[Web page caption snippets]
-- Opening Marker --
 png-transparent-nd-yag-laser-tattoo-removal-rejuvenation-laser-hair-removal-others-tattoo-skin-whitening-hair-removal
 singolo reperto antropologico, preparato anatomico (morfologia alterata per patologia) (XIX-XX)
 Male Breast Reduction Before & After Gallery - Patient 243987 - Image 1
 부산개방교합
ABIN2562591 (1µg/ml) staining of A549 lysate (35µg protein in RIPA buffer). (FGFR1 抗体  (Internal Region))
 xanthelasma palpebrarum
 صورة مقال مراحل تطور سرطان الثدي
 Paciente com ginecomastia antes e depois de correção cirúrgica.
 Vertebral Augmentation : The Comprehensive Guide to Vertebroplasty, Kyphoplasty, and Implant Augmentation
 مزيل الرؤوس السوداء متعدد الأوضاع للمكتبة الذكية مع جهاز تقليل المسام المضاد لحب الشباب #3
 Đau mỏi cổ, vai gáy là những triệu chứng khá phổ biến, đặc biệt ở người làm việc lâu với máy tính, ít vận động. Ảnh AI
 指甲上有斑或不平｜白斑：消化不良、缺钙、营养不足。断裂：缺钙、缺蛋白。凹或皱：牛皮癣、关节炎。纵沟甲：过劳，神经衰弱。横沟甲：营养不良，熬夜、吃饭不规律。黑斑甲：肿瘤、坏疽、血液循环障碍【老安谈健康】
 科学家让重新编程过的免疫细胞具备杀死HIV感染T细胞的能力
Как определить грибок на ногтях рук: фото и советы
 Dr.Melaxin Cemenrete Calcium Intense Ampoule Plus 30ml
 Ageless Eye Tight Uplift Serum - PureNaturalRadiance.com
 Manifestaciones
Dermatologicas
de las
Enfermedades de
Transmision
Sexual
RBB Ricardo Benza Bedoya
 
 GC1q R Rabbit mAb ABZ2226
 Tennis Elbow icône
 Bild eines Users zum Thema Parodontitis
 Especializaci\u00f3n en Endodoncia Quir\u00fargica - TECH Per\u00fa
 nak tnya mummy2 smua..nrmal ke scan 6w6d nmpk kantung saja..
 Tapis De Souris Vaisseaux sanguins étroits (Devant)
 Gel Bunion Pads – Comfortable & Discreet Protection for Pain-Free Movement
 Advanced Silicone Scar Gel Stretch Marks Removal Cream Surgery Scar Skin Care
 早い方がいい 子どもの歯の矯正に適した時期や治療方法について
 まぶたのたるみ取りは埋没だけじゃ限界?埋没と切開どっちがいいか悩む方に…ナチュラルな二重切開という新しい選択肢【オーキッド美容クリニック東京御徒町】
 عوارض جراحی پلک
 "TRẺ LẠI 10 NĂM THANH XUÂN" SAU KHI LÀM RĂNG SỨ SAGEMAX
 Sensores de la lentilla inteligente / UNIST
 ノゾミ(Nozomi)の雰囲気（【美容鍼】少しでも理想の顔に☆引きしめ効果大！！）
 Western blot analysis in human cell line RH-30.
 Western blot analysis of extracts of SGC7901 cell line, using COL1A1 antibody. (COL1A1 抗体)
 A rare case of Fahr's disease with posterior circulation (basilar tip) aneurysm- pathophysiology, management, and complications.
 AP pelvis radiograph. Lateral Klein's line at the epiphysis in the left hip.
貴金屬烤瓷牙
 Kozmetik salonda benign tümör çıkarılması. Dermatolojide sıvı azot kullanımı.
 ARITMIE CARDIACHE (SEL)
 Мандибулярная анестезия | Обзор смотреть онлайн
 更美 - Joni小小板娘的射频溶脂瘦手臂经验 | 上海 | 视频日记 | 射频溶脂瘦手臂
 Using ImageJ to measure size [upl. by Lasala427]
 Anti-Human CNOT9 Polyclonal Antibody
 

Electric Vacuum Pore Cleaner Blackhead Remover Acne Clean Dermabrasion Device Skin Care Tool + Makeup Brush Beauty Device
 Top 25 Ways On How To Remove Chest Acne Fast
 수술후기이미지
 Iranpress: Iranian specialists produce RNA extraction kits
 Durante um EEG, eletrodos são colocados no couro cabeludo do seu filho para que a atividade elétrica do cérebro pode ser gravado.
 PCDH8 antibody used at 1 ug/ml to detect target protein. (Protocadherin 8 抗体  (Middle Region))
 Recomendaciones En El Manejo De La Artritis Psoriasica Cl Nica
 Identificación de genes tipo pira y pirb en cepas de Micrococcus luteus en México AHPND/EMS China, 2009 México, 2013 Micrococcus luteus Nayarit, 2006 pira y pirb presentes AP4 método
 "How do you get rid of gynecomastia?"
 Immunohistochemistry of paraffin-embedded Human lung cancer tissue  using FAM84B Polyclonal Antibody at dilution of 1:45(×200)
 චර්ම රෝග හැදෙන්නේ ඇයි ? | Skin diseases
-- Closing Marker --
Work instruction:
The string "cell" appears on some lines of the data; count those lines and report only how many there are.

Written solution:
2